Los líderes políticos probablemente han mentido siempre para alcanzar el poder y salvaguardar sus intereses. Esas mentiras han sido a veces pequeñas, a veces medianas y a veces grandes mentiras, dependiendo de su grado de ruptura con el ‘tejido de la realidad’, en palabras de Hannah Arendt.

En España, por ejemplo, tenemos el recuerdo relativamente reciente de la cobertura informativa que el gobierno de José María Aznar organizó sobre los atentados de Atocha con la esperanza de hacer creer al público, al menos hasta el día de las elecciones, que la autoría de los atentados era de ETA cuando sus propias fuerzas policiales disponían ya de información que apuntaba al terrorismo islamista.

Lo sorprendente no es que los políticos mientan, oculten o falseen información. Lo novedoso –y, por consiguiente, lo que merece un análisis– es que dichas mentiras, aun cuando se desvelen como tales, hoy en día no parecen ser castigadas por el electorado.

La gestión informativa de Ángel Acebes muy probablemente le costó al Partido Popular las elecciones generales del 14 de marzo de 2004. Hace seis meses, en cambio, una estrategia similar le proporcionó a Donald Trump un rédito electoral de diez millones de votos, a pesar de lo mucho que se han generalizado y profesionalizado en estos quince años los servicios de fact-checking.

Se diría que la política del siglo XXI ha logrado crear una atmósfera donde la realidad es irrelevante y la mentira ya no provoca la indignación moral de la ciudadanía. Pero ¿cómo es posible crear esa atmósfera en que la mentira ya no importa? La psicología social nos da algunas claves para comprenderlo.

Hechos, opiniones y complejidad informativa

La psicología social clásica señaló hace ya mucho que las personas nos representamos las cuestiones que se nos plantean de dos formas principales: como juicios de hecho o como juicios de opinión.

Las primeras –juicios de hecho– son aquellas cuestiones que consideramos ‘objetivas’ y entendemos que existe un criterio empírico con el cual contrastarlas: por ejemplo, si es más extenso el territorio de España o de Suecia.

Las segundas –juicios de opinión– son cuestiones que consideramos ‘subjetivas’, y en las cuales el criterio de contraste es necesariamente consensual y dependiente de las opiniones de otras personas: por ejemplo, si es más bonita Barcelona que Estocolmo.

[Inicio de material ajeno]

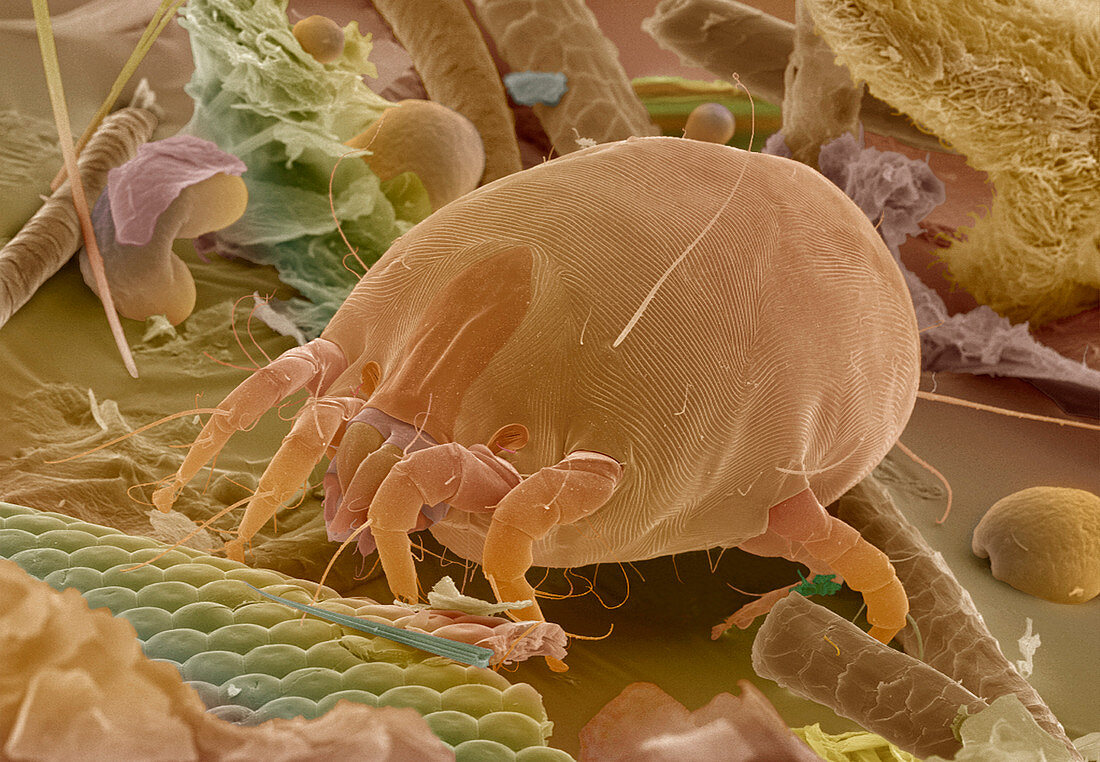 Dust mite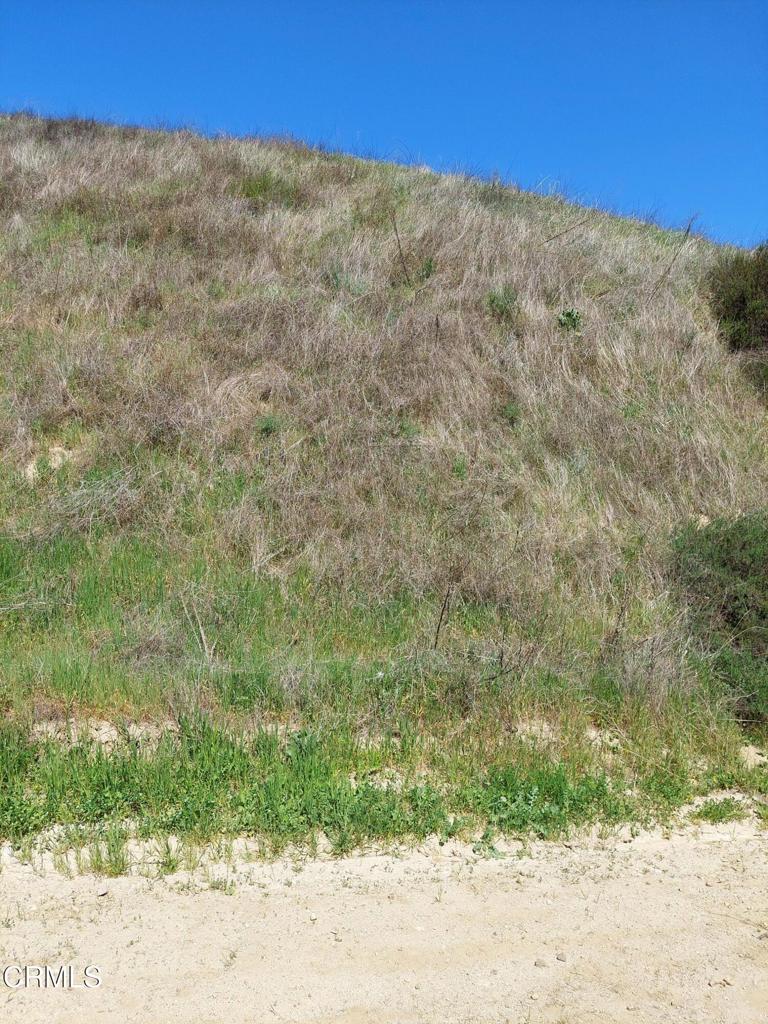 3.6 acres of beautiful land zoned for Residential or Agricultural use, adjacent to the Val Verde Community Regional Park, which has a swimming pool, tennis & basketball courts, picnic areas & hiking trails. The lot starts at the corner of Loma Verde Mountainway & Cotton St., see the attached plat map. We are not aware of any services (electric, water, sewer) to this property at this time; however, the community park has water, sewer, & electricity. Close to Castaic Lake, Magic Mountain, & Valencia. Buyer is advised to independently investigate all aspects of the property, verify the accuracy of all information through personal inspection & with appropriate professionals to Buyer's satisfaction.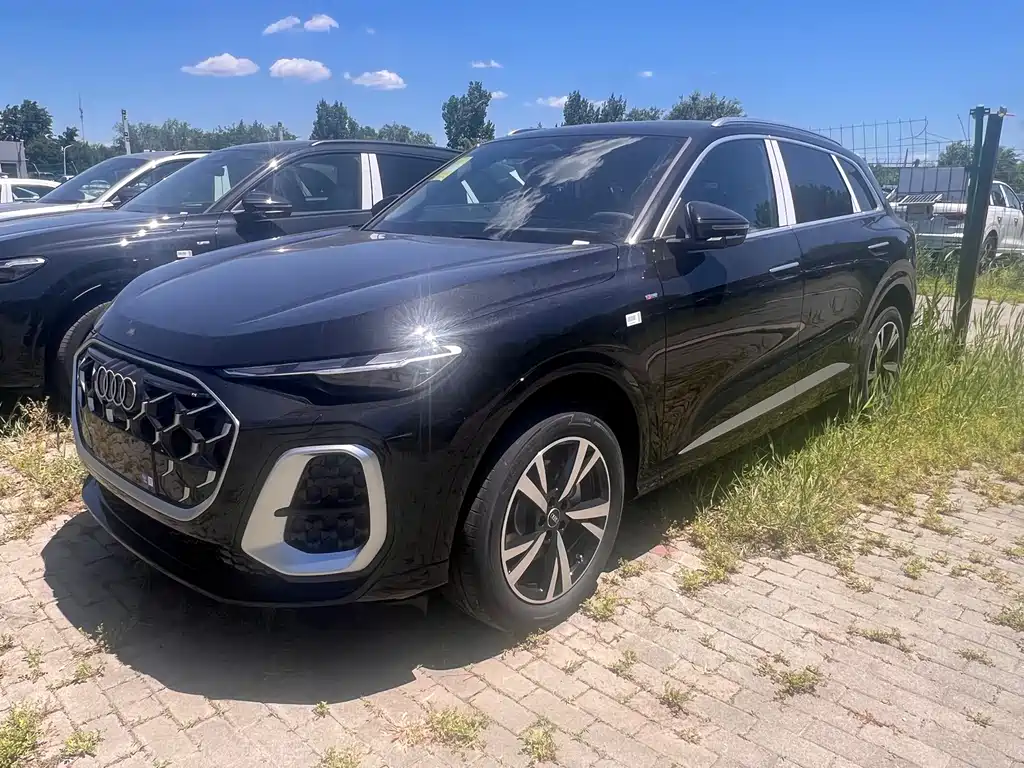 Audi Q5L 0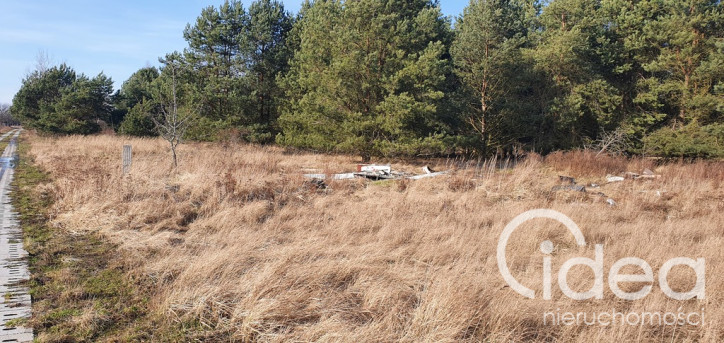 Działka Sprzedaż Białuń 6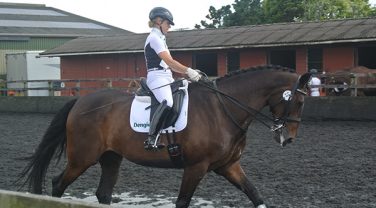 horse in paddock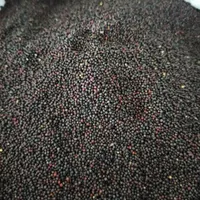 روغن کانولا کلزا خالص ارگانیک|خوردنی و آشامیدنی|شوشتر, |دیوار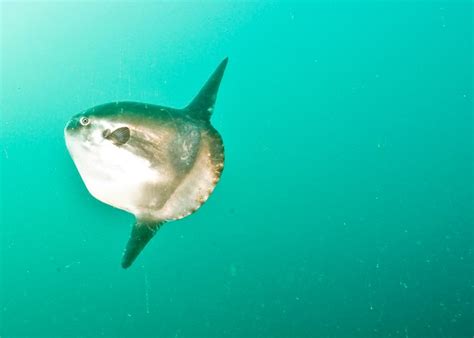 Ocean Sunfish Gentle Giants Now Found In Acadias Waters Us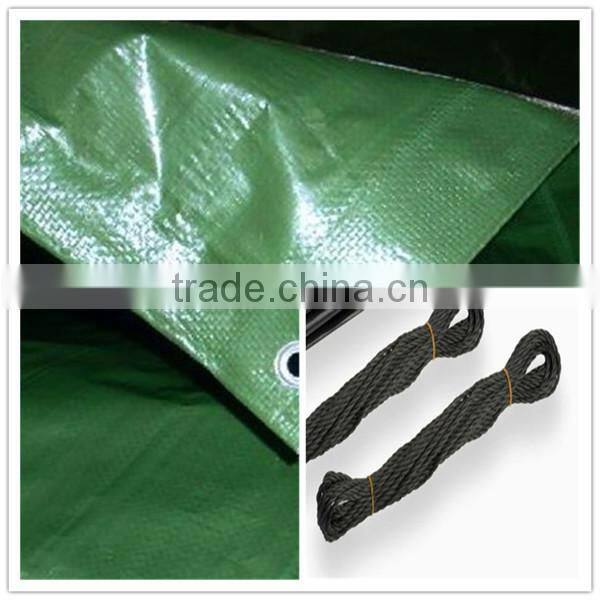 PE Leno design 3x3 Scaffolding Tarp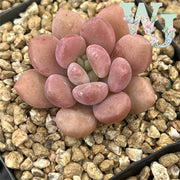 Pachyphytum 'Rezoma' | 莱佐玛 - Korea Form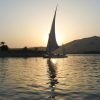 Felucca
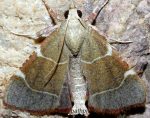 Hypsopygia fulvocilialis 13 1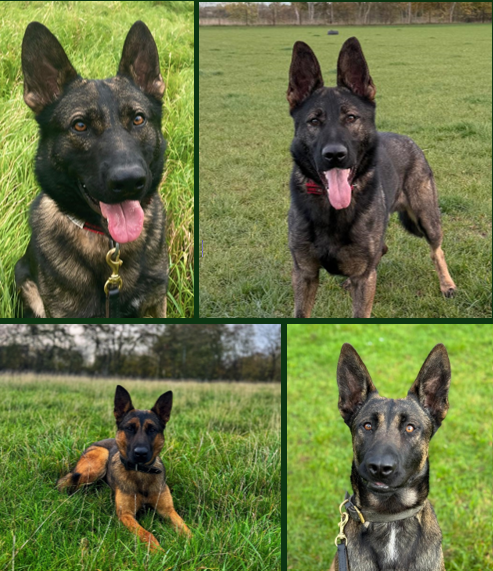 BCH Police Dogs tweet media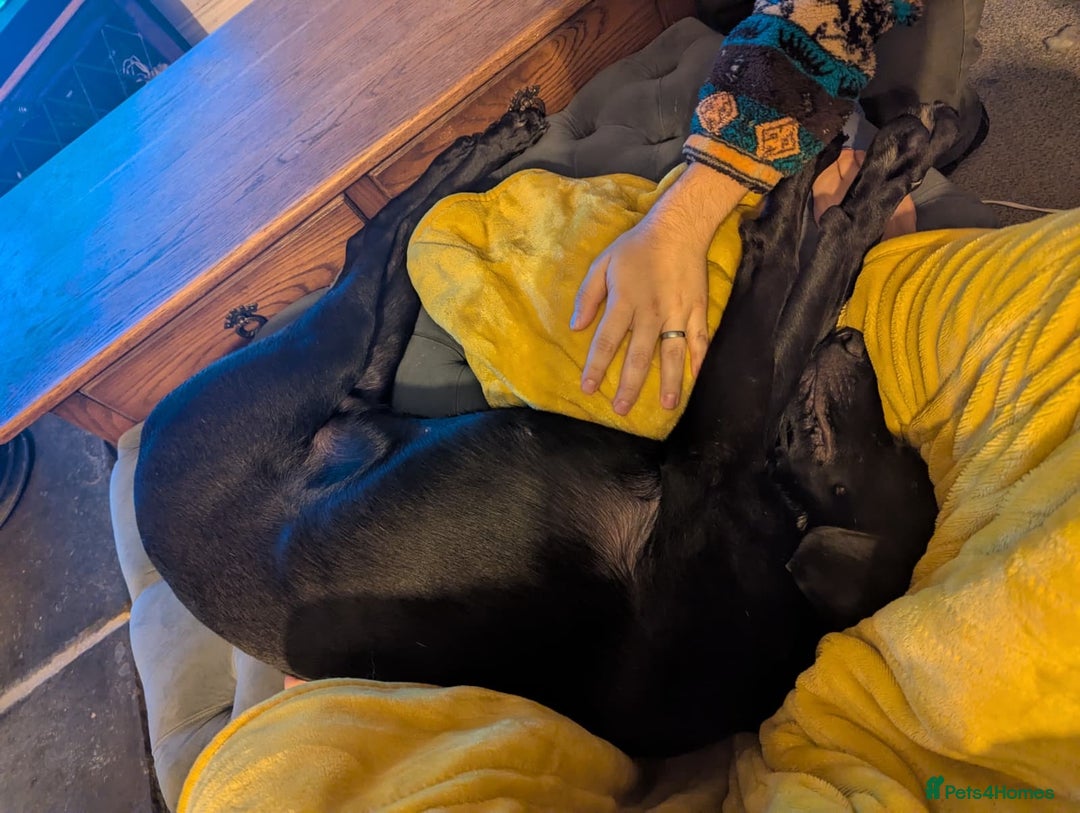 Mixed Breed dogs for adoption: Lando Labrador cross  - Advert 5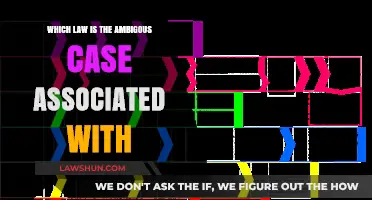 The Law's Ambiguity: A Case Study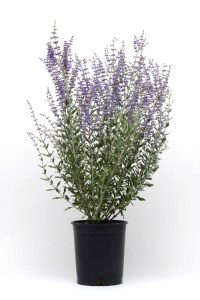 perovskia_blue_steel3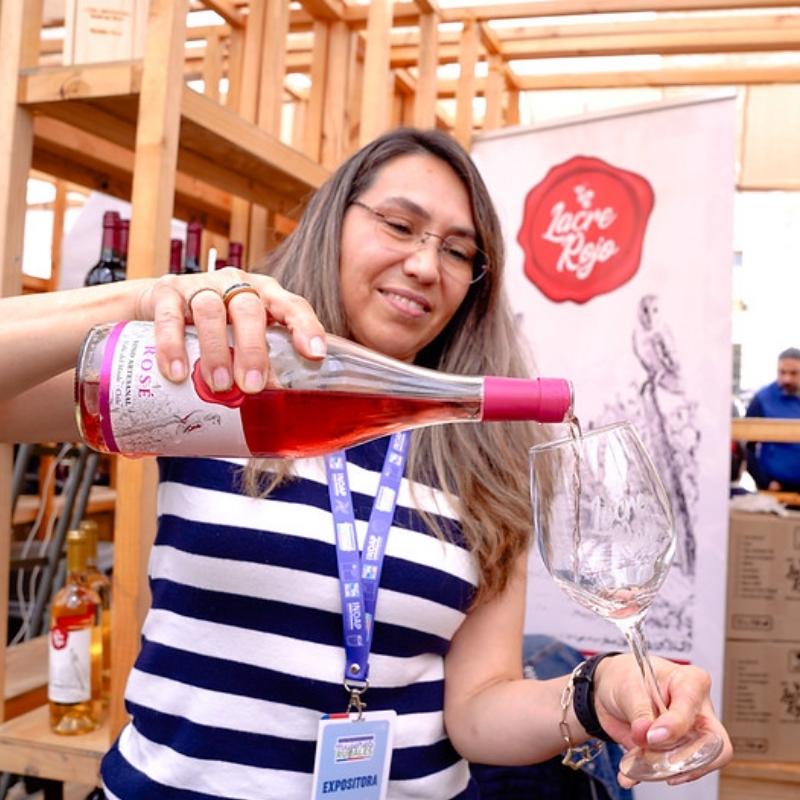 Turismo rural en la región del Maule 1 turismo vinedos Maule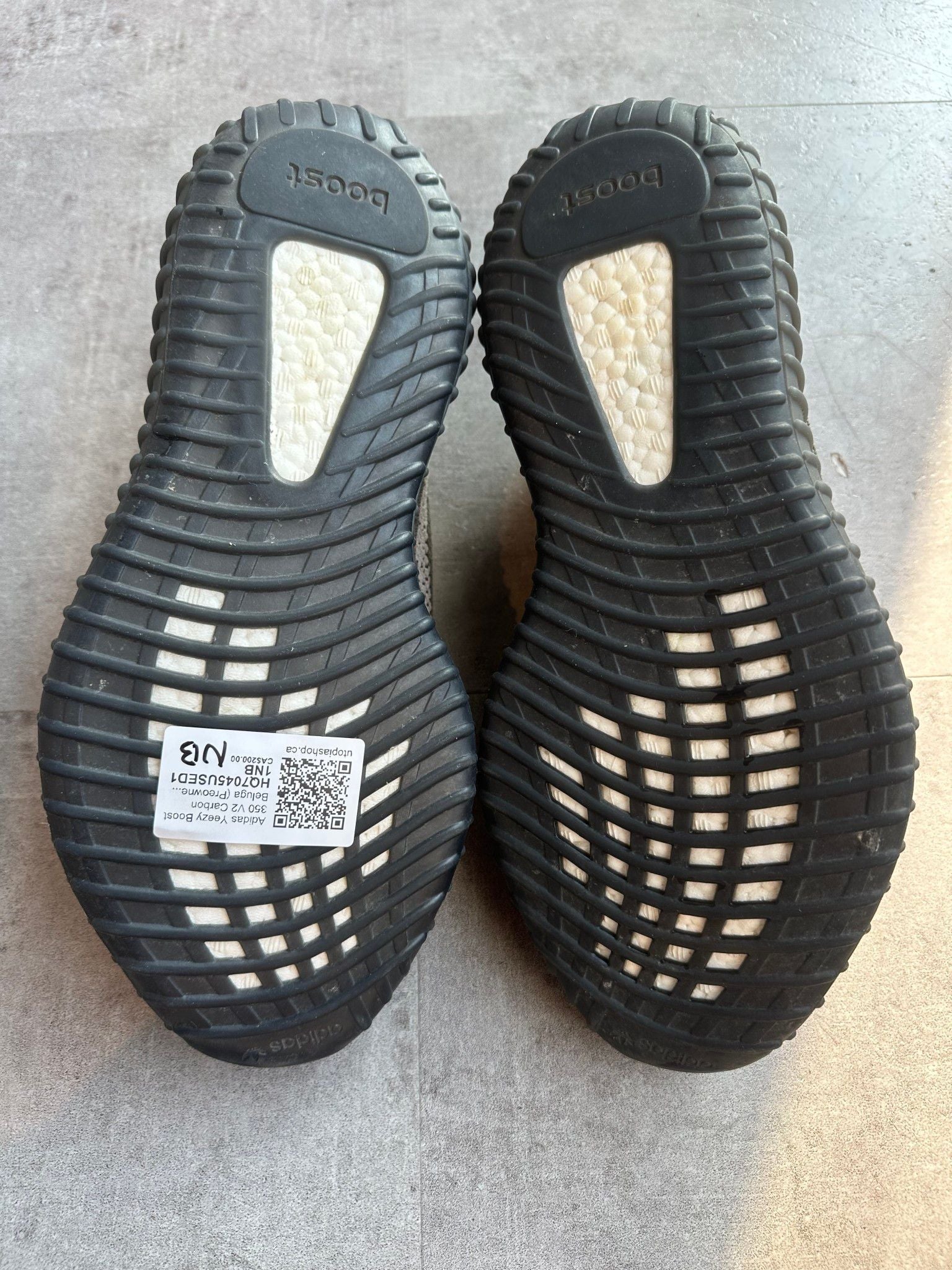 Adidas Yeezy Boost 350 V2 Carbon Beluga - Pre-Owned Size 11 (No original box)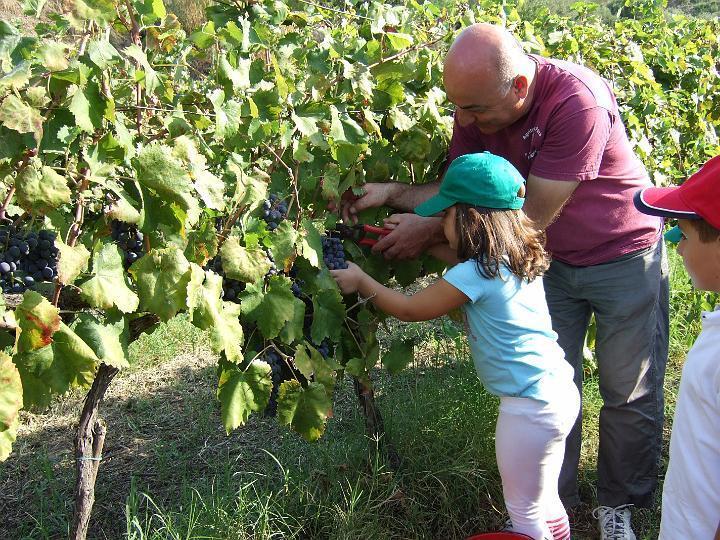 Agriturismo Parra Santa Lucia del Mela エクステリア 写真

Es importante resaltar que la noción misma de mentira solo tiene sentido en el primer marco mental, el de los juicios que nos representamos como ‘objetivos’: mentir es afirmar algo que se sabe contrario a la evidencia empírica, no discrepar de la opinión de una mayoría social.

El debate político continuamente maneja ambos tipos de cuestiones, y en muchas de ellas no está clara la frontera entre estas dos categorías que tan obvias parecen a nuestro sentido común.

Parecería que el cálculo del PIB de un país es una cuestión ‘objetiva’ pero hay un debate continuo sobre cómo debe calcularse esa magnitud que conduce a resultados distintos. Parecería que la mayor o menor belleza de un territorio es una cuestión subjetiva, pero las instituciones se pasan la vida valorando la calidad del patrimonio natural y cultural. Los líderes políticos son conscientes de esa ambigüedad e indefinición en la naturaleza de las cuestiones a debate, la ciudadanía con frecuencia no repara en ella.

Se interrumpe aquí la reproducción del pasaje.